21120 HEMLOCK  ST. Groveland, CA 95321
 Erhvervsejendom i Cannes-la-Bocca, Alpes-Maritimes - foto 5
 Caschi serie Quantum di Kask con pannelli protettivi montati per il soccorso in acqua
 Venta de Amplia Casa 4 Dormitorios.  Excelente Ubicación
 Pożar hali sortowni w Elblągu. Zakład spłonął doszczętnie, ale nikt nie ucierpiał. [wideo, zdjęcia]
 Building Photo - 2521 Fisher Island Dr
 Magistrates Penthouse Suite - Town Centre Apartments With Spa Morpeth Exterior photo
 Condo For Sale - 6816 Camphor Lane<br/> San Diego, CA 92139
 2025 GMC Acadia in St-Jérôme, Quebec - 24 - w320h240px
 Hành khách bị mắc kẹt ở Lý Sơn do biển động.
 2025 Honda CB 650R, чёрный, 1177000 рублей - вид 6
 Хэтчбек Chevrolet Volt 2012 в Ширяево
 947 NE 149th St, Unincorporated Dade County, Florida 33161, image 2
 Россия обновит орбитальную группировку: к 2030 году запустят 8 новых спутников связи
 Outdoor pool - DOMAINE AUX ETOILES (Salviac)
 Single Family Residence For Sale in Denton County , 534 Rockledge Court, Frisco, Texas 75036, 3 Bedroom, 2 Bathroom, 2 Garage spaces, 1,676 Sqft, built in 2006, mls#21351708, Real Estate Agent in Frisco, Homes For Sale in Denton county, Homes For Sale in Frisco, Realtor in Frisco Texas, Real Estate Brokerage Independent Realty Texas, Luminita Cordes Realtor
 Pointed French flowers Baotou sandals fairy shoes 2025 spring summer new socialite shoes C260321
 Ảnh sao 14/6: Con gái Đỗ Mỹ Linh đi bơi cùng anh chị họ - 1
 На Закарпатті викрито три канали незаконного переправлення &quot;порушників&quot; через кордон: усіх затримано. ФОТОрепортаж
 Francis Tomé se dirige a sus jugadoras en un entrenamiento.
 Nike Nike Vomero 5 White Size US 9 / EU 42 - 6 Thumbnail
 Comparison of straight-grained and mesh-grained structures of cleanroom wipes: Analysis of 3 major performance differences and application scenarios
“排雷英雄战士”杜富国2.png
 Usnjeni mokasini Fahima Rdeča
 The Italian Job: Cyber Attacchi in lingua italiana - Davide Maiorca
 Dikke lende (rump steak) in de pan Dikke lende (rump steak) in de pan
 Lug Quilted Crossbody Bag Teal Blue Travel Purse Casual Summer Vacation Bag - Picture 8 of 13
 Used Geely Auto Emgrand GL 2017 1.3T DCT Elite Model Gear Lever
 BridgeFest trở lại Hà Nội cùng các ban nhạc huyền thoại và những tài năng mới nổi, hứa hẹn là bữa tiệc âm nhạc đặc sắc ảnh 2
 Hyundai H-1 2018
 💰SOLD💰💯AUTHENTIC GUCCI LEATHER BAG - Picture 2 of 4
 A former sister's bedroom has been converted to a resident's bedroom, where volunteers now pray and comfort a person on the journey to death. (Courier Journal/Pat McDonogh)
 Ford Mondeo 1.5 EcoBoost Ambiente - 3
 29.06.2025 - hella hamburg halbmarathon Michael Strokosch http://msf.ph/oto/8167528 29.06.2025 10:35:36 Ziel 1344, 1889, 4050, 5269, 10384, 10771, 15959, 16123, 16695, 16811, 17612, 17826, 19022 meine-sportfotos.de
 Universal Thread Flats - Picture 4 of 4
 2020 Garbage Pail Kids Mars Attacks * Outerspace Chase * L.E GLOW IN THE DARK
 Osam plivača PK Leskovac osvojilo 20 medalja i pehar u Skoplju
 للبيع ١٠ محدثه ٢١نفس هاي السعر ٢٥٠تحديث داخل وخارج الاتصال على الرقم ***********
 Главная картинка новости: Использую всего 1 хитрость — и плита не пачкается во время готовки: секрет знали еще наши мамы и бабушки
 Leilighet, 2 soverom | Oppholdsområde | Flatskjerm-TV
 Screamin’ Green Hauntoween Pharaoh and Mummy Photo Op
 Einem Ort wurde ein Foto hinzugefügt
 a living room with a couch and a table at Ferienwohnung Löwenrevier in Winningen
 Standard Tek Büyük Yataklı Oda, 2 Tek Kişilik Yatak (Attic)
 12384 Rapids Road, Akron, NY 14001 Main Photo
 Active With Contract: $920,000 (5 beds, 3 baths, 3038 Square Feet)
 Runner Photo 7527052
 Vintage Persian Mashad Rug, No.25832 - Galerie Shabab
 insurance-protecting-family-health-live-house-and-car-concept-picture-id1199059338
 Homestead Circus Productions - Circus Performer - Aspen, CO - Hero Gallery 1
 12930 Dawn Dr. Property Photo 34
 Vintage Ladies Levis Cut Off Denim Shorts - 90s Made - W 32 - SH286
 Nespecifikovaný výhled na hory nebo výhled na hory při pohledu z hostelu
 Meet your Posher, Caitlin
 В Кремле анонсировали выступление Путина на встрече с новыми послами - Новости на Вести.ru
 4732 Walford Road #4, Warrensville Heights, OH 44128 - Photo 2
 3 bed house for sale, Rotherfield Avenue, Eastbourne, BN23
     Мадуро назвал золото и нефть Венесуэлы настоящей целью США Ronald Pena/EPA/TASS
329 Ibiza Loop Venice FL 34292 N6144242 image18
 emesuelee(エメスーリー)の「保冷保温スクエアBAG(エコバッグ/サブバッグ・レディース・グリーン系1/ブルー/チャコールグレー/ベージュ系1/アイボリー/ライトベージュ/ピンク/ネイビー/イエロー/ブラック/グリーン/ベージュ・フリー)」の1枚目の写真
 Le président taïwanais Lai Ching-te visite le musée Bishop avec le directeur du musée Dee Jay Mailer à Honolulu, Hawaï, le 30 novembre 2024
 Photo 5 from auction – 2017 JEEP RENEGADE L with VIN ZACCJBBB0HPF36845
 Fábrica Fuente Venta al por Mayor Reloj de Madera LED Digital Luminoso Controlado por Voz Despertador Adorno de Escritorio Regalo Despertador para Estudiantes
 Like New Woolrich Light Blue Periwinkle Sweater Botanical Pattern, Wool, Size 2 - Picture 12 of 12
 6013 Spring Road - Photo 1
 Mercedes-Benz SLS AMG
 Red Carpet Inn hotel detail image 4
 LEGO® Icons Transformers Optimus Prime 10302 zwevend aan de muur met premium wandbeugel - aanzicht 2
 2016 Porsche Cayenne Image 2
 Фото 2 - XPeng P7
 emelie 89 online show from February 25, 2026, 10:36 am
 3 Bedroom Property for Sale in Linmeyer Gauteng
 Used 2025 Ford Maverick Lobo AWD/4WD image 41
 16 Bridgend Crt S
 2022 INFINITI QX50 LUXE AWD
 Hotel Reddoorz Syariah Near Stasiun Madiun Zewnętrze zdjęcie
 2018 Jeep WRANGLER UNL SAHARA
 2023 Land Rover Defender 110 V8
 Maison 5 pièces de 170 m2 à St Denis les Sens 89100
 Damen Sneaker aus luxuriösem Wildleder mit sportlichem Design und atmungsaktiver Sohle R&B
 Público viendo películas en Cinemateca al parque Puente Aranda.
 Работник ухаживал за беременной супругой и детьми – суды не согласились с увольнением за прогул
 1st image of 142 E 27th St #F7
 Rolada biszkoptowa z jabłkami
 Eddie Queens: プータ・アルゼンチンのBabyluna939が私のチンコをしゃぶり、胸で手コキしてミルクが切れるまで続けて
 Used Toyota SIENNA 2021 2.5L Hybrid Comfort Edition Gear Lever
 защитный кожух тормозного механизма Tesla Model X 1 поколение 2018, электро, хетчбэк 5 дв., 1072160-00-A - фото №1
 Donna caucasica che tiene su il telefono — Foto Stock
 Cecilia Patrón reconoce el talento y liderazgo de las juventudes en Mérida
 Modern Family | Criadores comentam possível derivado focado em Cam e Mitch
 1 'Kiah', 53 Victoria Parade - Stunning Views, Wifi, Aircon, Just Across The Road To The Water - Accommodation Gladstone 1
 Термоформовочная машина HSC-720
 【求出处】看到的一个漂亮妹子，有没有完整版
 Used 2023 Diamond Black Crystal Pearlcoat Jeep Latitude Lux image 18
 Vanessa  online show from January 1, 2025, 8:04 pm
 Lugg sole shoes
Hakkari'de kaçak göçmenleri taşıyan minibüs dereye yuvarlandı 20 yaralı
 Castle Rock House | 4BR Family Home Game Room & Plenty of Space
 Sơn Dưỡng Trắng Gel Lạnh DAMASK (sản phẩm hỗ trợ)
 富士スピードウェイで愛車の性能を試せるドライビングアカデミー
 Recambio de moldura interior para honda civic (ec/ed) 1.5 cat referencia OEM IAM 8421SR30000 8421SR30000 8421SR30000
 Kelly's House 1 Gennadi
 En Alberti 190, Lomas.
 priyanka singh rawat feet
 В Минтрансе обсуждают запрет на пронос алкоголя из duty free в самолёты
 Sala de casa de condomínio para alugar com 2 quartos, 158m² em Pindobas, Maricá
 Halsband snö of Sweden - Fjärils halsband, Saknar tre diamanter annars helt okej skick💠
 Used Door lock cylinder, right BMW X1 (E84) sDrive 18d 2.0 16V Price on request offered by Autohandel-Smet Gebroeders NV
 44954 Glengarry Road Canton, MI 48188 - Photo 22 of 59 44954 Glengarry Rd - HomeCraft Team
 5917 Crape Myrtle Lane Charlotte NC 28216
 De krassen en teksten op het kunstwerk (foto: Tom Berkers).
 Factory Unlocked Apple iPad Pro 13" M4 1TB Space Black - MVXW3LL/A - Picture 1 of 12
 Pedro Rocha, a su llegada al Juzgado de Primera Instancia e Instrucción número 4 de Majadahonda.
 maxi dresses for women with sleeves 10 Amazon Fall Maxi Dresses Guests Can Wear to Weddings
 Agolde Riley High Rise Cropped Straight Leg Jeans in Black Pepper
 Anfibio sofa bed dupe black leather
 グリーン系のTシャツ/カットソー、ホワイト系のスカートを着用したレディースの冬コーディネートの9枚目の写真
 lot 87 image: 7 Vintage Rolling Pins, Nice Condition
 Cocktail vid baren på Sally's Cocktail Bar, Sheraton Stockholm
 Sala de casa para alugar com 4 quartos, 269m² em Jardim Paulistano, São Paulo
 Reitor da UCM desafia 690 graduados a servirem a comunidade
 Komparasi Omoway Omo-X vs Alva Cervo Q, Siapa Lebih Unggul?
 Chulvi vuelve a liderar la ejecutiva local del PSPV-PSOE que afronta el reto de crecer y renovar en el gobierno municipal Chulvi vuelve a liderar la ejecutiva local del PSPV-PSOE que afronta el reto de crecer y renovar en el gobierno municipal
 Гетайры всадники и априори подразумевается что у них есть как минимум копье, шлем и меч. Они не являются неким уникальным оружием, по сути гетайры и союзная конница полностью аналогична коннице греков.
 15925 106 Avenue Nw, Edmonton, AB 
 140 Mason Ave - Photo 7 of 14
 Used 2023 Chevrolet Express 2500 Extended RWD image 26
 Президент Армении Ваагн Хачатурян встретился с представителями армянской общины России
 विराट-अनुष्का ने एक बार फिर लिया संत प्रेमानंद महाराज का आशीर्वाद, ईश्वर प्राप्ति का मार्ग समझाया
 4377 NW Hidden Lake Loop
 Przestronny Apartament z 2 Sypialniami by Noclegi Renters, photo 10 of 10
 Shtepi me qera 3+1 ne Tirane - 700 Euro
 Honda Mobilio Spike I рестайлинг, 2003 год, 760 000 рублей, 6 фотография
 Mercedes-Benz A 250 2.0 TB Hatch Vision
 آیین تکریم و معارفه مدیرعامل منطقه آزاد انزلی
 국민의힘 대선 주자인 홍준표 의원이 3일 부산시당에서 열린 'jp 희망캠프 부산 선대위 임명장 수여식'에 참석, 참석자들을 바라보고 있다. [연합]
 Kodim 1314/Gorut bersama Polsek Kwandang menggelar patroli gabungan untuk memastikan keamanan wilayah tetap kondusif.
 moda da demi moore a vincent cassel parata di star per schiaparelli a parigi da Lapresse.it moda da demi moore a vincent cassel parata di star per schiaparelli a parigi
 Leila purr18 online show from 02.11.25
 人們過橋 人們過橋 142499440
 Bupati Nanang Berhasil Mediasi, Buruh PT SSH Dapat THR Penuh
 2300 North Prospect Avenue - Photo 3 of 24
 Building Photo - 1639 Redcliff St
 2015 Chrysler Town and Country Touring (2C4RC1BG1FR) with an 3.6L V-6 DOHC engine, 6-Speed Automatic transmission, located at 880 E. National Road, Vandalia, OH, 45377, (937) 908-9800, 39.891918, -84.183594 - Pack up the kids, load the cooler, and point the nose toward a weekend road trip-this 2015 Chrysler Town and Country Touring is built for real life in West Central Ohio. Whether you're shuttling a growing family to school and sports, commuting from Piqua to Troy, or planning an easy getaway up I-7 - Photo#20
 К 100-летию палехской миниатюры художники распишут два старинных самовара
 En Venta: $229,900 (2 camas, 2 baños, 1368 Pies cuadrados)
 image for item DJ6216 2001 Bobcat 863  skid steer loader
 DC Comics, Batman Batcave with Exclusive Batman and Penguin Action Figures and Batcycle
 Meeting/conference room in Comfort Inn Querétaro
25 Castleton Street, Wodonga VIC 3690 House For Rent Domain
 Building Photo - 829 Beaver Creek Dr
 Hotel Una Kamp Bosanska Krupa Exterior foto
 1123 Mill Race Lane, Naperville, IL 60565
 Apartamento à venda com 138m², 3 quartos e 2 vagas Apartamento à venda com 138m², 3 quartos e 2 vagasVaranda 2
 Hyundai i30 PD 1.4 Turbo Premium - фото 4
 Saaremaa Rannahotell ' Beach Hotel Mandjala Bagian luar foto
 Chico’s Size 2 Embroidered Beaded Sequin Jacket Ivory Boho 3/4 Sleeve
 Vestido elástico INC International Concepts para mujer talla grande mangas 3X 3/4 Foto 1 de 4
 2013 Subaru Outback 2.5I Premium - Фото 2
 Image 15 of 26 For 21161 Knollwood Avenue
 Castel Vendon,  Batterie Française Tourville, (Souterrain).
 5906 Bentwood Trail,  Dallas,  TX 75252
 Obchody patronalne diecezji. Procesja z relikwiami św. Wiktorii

---+---

▶ _Task_:
Your answer should be the lines of the material above that include "Vintage".

▶ _The answer_:
 Vintage Persian Mashad Rug, No.25832 - Galerie Shabab
 Vintage Ladies Levis Cut Off Denim Shorts - 90s Made - W 32 - SH286
 lot 87 image: 7 Vintage Rolling Pins, Nice Condition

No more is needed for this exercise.